그 마음에 이르기를 나는 요동치 아니하며 대대로 환난을 당치 아니하리라 하나이다
7 Zijn mond is vol van vloek, en bedriegerijen, en list; onder zijn tong is moeite en ongerechtigheid.
그 입에는 저주와 궤휼과 포학이 충만하며 혀 밑에는 잔해와 죄악이 있나이다
8 Hij zit in de achterlage der hoeven, in verborgene plaatsen doodt hij den onschuldige; zijn ogen verbergen zich tegen den arme.
저가 향촌 유벽한 곳에 앉으며 그 은밀한 곳에서 무죄한 자를 죽이며 그 눈은 외로운 자를 엿보나이다
9 Hij legt lagen in een verborgen plaats, gelijk een leeuw in zijn hol; hij legt lagen, om den ellendige te roven; hij rooft den ellendige, als hij hem trekt in zijn net.
사자가 그 굴혈에 엎드림 같이 저가 은밀한 곳에 엎드려 가련한 자를 잡으려고 기다리며 자기 그물을 끌어 가련한 자를 잡나이다
10 Hij duikt neder, hij buigt zich; en de arme hoop valt in zijn sterke poten.
저가 구푸려 엎드리니 그 강포로 인하여 외로운 자가 넘어지나이다
11 Hij zegt in zijn hart: God heeft het vergeten, Hij heeft Zijn aangezicht verborgen, Hij ziet niet in eeuwigheid.
저의 마음에 이르기를 하나님이 잊으셨고 그 얼굴을 가리우셨으니 영원히 보지 아니하시리라 하나이다
12 Sta op, HEERE God! hef Uw hand op, vergeet de ellendigen niet.
여호와여 일어나옵소서 하나님이여 손을 드옵소서 가난한 자를 잊지 마옵소서
13 Waarom lastert de goddeloze God? zegt in zijn hart: Gij zult het niet zoeken?
어찌하여 악인이 하나님을 멸시하여 그 마음에 이르기를 주는 감찰치 아니하리라 하나이까
14 Gij ziet het immers; want Gij aanschouwt de moeite en het verdriet, opdat men het in Uw hand geve; op U verlaat zich de arme, Gij zijt geweest een Helper van den wees.
주께서는 보셨나이다 잔해와 원한을 감찰하시고 주의 손으로 갚으려 하시오니 외로운 자가 주를 의지하나이다 주는 벌써부터 고아를 도우시는 자니이다
15 Breek den arm des goddelozen en bozen; zoek zijn goddeloosheid, totdat Gij haar niet vindt.
악인의 팔을 꺽으소서 악한 자의 악을 없기까지 찾으소서
16 De HEERE is Koning eeuwiglijk en altoos; de heidenen zijn vergaan uit Zijn land.

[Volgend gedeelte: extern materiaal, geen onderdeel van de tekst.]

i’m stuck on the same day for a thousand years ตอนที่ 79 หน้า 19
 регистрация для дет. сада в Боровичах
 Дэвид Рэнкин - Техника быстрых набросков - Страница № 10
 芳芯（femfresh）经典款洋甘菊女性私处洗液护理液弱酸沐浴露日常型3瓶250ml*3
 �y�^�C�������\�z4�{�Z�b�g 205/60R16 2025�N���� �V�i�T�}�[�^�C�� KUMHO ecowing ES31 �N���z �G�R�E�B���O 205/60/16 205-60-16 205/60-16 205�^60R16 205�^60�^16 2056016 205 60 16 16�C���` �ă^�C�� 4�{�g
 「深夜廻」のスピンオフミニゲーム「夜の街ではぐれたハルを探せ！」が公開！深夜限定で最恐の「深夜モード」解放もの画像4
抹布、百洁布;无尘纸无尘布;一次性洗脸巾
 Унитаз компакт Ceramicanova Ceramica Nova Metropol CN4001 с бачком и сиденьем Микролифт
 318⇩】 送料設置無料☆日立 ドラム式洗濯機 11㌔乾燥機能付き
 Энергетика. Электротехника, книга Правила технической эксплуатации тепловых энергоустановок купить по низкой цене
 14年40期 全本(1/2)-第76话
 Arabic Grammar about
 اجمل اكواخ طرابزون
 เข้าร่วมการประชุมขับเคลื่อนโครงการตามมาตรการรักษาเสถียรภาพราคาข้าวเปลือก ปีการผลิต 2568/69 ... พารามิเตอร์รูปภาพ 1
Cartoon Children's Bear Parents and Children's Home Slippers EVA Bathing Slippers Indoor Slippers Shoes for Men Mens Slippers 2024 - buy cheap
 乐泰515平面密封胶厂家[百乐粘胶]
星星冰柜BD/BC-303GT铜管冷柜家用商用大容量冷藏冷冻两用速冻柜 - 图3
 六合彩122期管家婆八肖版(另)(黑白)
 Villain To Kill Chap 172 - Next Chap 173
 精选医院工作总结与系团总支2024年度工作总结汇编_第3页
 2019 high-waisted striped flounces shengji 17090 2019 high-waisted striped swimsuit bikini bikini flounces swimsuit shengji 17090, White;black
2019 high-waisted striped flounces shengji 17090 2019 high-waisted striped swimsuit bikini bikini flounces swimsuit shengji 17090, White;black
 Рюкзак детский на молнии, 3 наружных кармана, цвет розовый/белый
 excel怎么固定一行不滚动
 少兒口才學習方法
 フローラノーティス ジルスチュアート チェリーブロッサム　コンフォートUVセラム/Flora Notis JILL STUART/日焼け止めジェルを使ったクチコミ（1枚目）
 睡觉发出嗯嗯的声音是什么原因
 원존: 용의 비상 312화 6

여호와께서는 영원무궁토록 왕이시니 열방이 주의 땅에서 멸망하였나이다
17 HEERE! Gij hebt den wens der zachtmoedigen gehoord; Gij zult hun hart sterken, Uw oor zal opmerken;
여호와여 주는 겸손한 자의 소원을 들으셨으니 저희 마음을 예비하시며 귀를 기울여 들으시고
18 Om den wees en verdrukte recht te doen; opdat een mens van de aarde niet meer voortvare geweld te bedrijven.